As autumn falls upon us, America’s vintners are busy finishing up their harvests and getting ready for crowds to visit their wineries, taste their wines, and buy their products. But when you look at a bottle of California Chardonnay or Oregon Pinot—or better yet, when you swirl and sniff its contents—do you ever wonder about the winemaker who poured his (or her) heart and soul into the glass?

“It’d be really interesting to do a tasting to see if you could tell the difference between wine made by a man and wine made by a woman,” says Megan Schofield, winemaker at Simi Winery in California's prestigious Sonoma County.

Even though winemaking has traditionally been dominated by men—both in the States and abroad—women in the U.S. have made important strides to catch up to their male counterparts in terms of creating complex wines that connoisseurs love. Still, a gender gap remains. The enrollment ratio at the University of California-Davis viniculture and enology program has been about 45 percent female and 55 percent male for the last 10 years, according to graduate program adviser Judy L. Blevins. Yet only about 10 percent of California wineries have women as their lead winemakers.

“There definitely is an old-boys culture in a lot of places, a kind of old-boys club,” Schofield says.
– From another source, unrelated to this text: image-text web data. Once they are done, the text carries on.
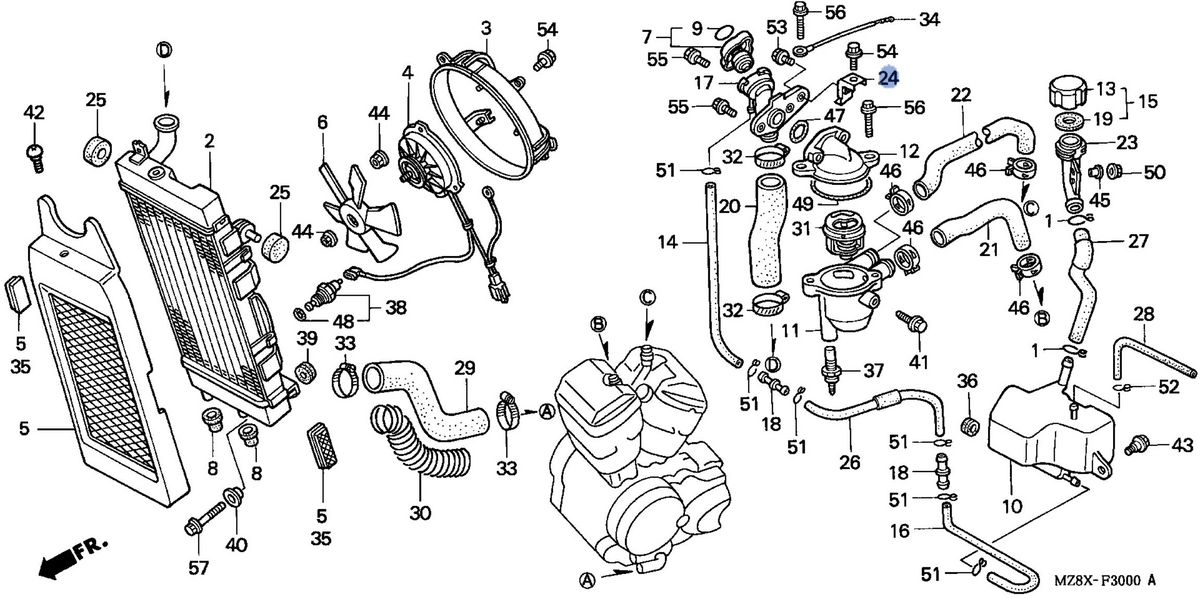 Honda OEM part 19111-MZ8-G20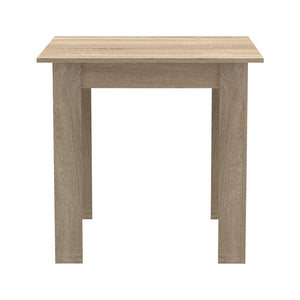 Τραπεζαρία Manka-Parker  σετ 3τεμ mdf σε μαύρη-sonoma απόχρωση 80x80x77εκ - Pakobazaar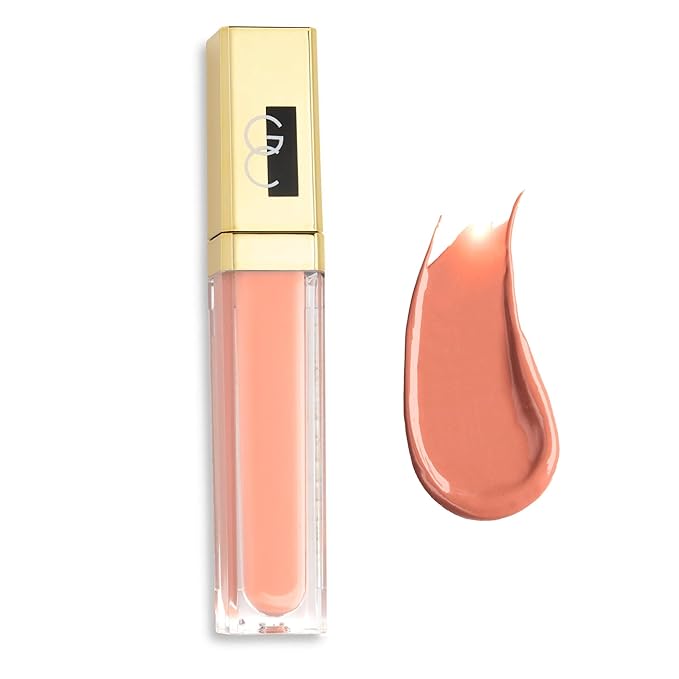 Gerard Cosmetics Color Your Smile Lip Gloss Madison Avenue Super Pigmented Bright Nude Lip Gloss with LED Light and Mirror Shiny Finish Hydrating Nude Lipstick Cruelty Free and Made in USA
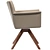 Foxy Swivel Armchair - Sleek and Stylish Seating Solution 3D model small image 3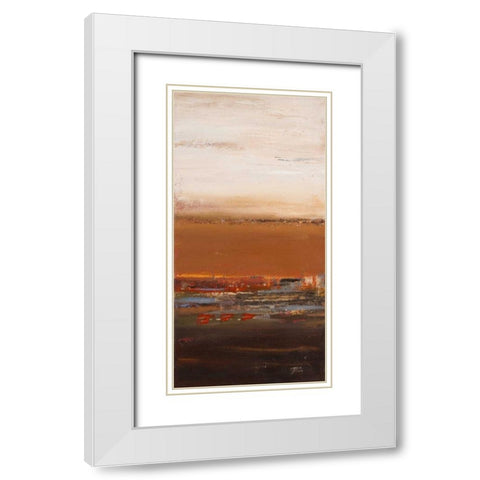 Night is Coming I White Modern Wood Framed Art Print with Double Matting by Pinto, Patricia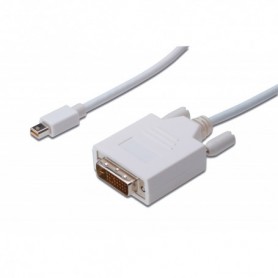 DisplayPort adaptador cable, mini DP - DVI(24+1) M/M, 1.0m, DP 1.1a compatible, CE, we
Wide-ranging comparisons between female and male winemakers in the U.S. are hard to come by. The 10 percent number comes from 2011 research by Lucia Albino Gilbert, a psychology professor at Santa Clara University. Out of California’s more than 3,200 wineries, Albino Gilbert said she expected the number to be closer to 15-20 percent. Yet even though she's just finished updating her database of California wineries on her website Women Winemakers of California, the female percentage has remained level has remained stubbornly low.